Thomas C. Lynch and Evelle J. Younger, Attorneys General, William E. James, Assistant Attorney General, Joseph P. Busch, Jr., District Attorney, Harry Wood and Donald J. Kaplan, Deputy District Attorneys, for Plaintiff and Appellant.
Howard E. Lowe and Dennis Shapiro for Defendant and Respondent.
Defendant was charged by information with felonious possession of marijuana (Health Saf. Code, § 11530) and with being in a place where narcotics are smoked or used, a misdemeanor (Health Saf. Code, § 11556). Defendant's motion to set aside the information pursuant to Penal Code section 995 was granted by the superior court on the theory that the evidence against defendant on the felony charge was obtained during an improper warrantless search of defendant's house conducted for the purpose of determining whether additional participants in the felony were on the premises. The People herein appeal from the order of dismissal. (Pen. Code, § 1238, subd. 1.) We have concluded that under the particular circumstances of this case, the search for additional suspects was proper, and that accordingly the order of dismissal must be reversed.
The following facts were adduced at the preliminary examination: At 10:30 p.m. on the night of March 14, 1970, Officers Galloway and Marco were notified by police radio that there was a possible narcotics suspect at a specified address. The officers proceeded to that address and knocked on the door. Defendant opened the door and the officers immediately detected the odor of burning marijuana emanating from within. The officers identified themselves and told defendant that they had received a call regarding a possible narcotics suspect or narcotics party. Defendant admitted that he lived in the house. After a lapse of 30 seconds or so, the officers entered the house and observed a smoking marijuana roach in a metal clip on a coffee table in the living room, along with two pipes, one of which was warm and appeared to contain marijuana. The officers thereupon arrested defendant and three other persons found in the living room. Officer Marco went into an adjacent dining area and arrested two other persons.
Although the officers later testified that there were seven suspects, their earlier testimony fails to account for the seventh suspect.
Marco observed that at least four of the six suspects had dilated eyes and pupils and an odor of marijuana upon their breath.

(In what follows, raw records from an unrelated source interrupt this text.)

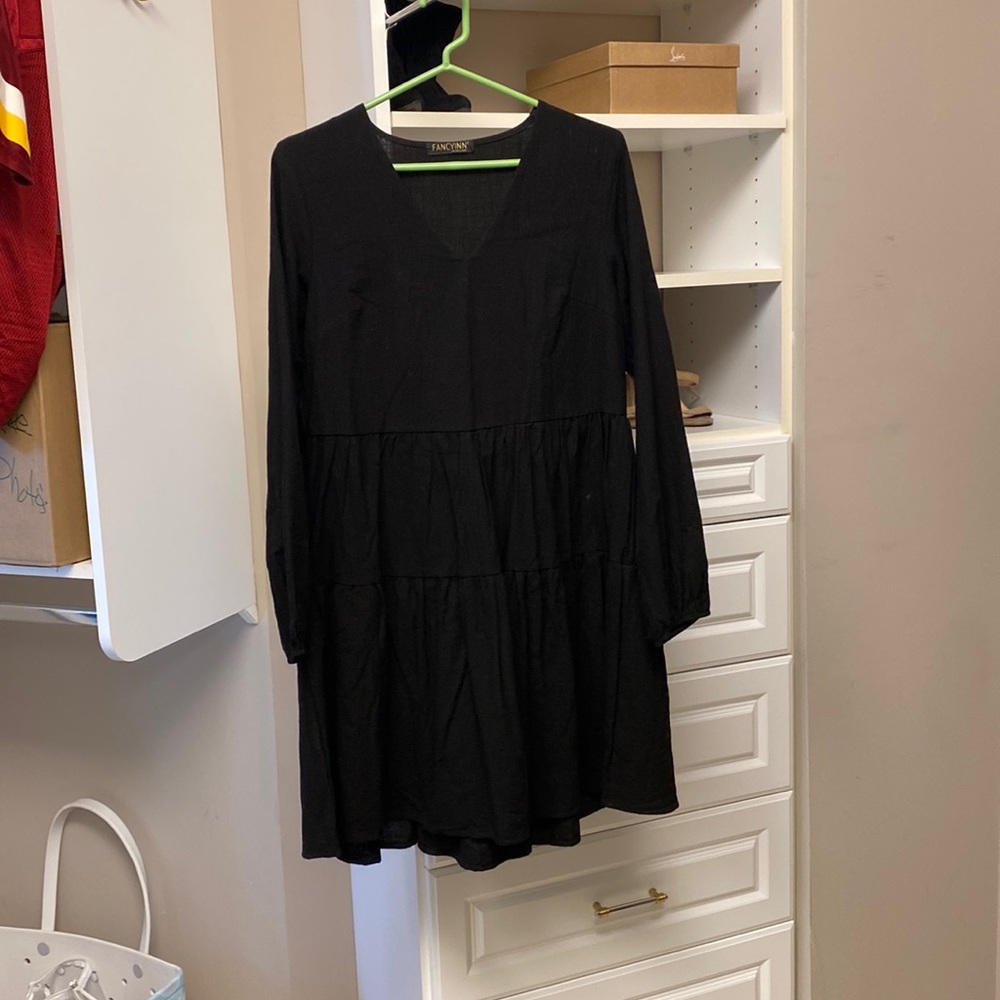 Black long sleeve dress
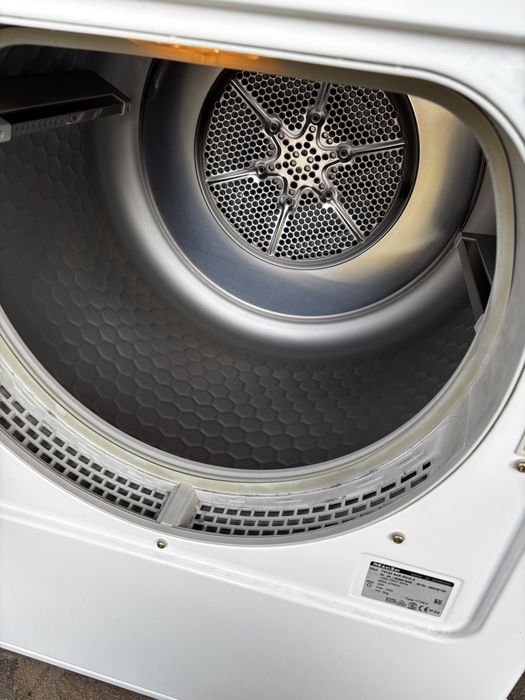 Uscator Miele 700 ron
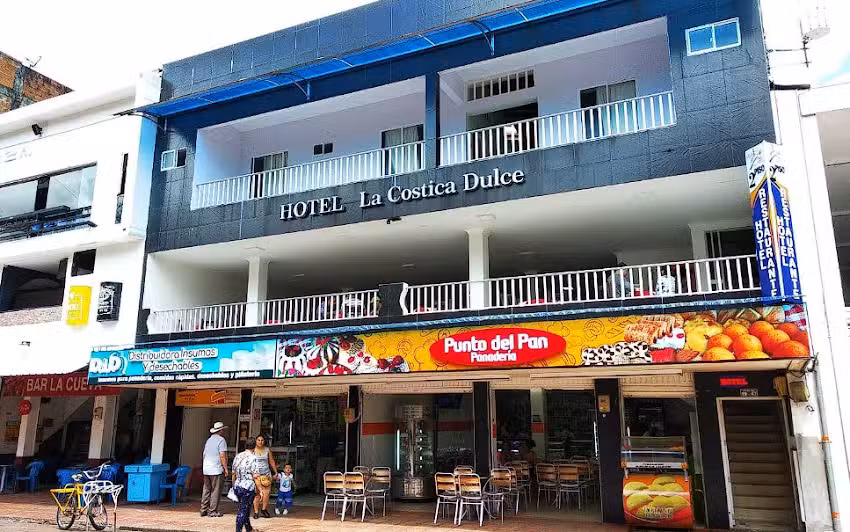 Hotel Restaurante La Costica Dulce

The suspects were left in Marco's custody while Galloway went upstairs "to see if there were any other people in the house." Galloway testified before the committing magistrate that "because of the number of defendants in the house, I believed there was a possibility of more defendants" upstairs. The house was "quite large," containing three or possibly four bedrooms. Lights were turned on to illuminate the stairs leading to the second floor and the upstairs hallway. On the second floor, Galloway looked in one bedroom, a bathroom, and then a second bedroom. The light in the second bedroom was off and the door partially open. Galloway turned on the light, looked behind the door to see if anyone was hiding there, and then surveyed the room. He then observed a clear plastic vial lying in plain sight on the table and containing what appeared to be marijuana. He also saw an open jewelry box and, looking into it, discovered pieces of tin foil, a plastic bag, and a match box. He opened these items and found more marijuana.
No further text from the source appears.